Data in this exercise:
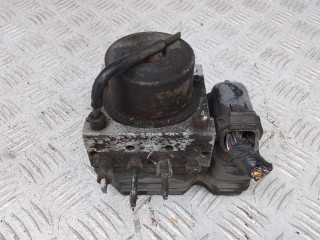 Блок ABS, NISSAN X-TRAIL T30 T30 2004-2007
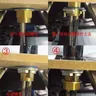 Robinet de Type C en laiton – vue 5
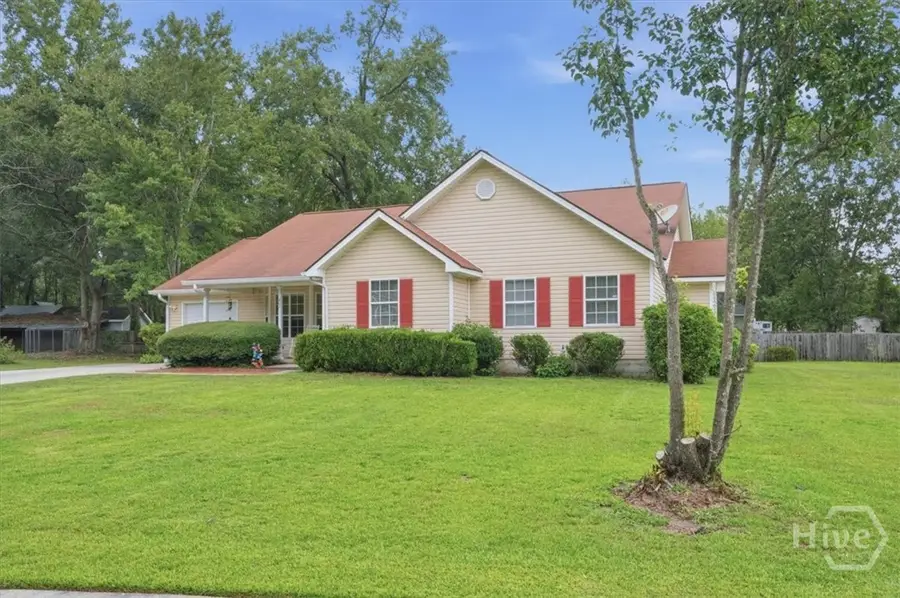 807 Rosalie Court, Rincon, GA 31326 - #2
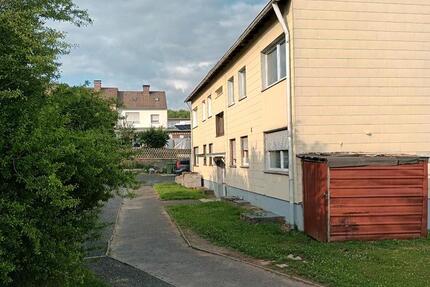 Wohnung Rennerod - 4 Zimmer, 118 m&sup2;, 125.000&euro; | Angebot:26840332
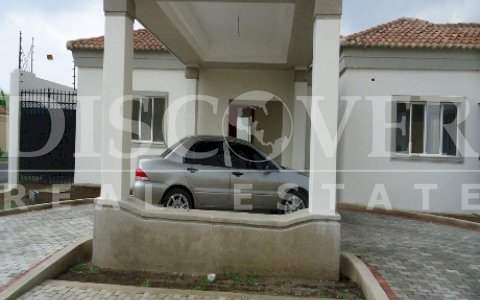 House for Rent in Bosques del Terraza Residential ID 7417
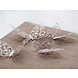 Tafeldecoratie Vlinder Papier 8cm 10st Tafeldecoratie Vlinder Papier 8cm 10st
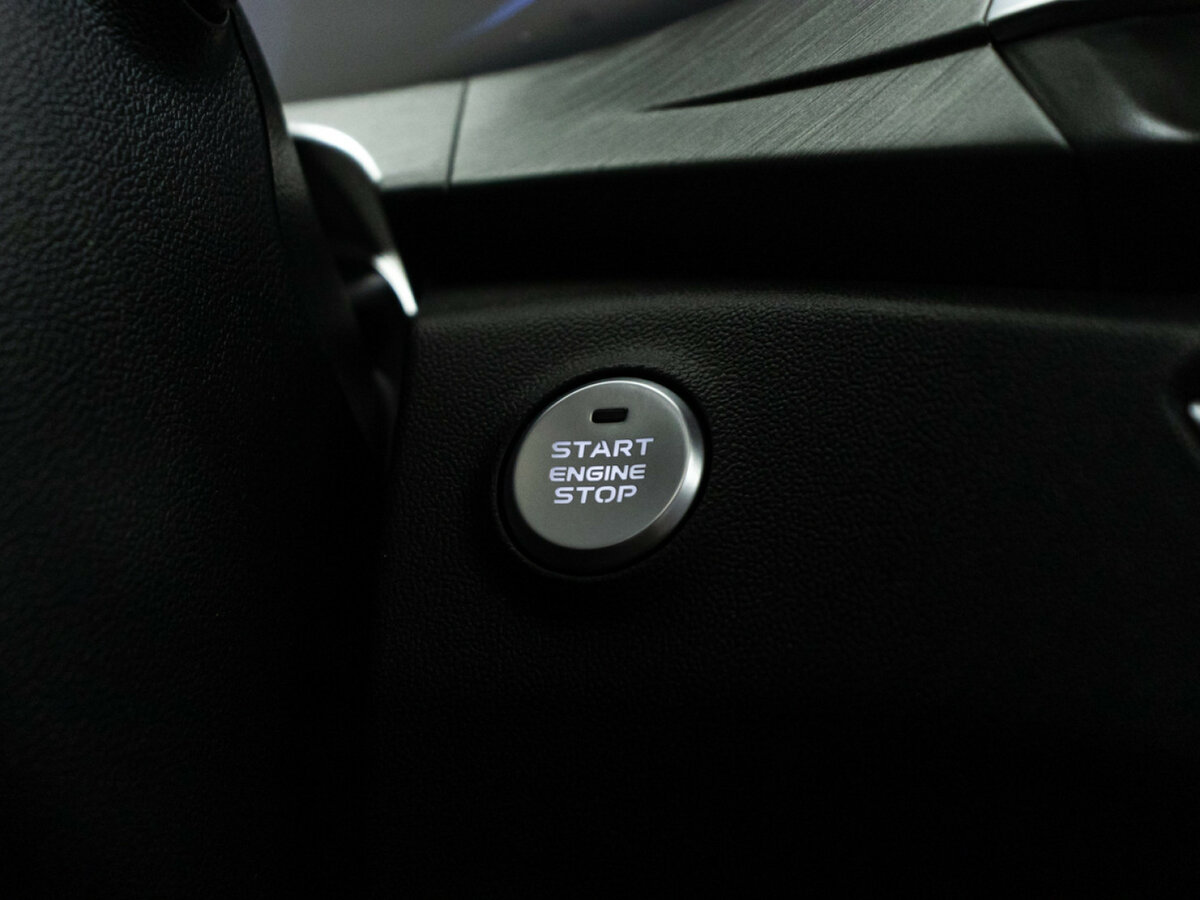 Changan CS35 Plus б/у, 2023, Роботизированная. Фото: #17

Assignment: Leaving out the pictures, please transcribe exactly the lines from the one that holds "Tafeldecoratie Vlinder Papier 8cm 10st Tafeldecoratie" through the last line of the entries above, both included.

Your solution:
 Tafeldecoratie Vlinder Papier 8cm 10st Tafeldecoratie Vlinder Papier 8cm 10st
 Changan CS35 Plus б/у, 2023, Роботизированная. Фото: #17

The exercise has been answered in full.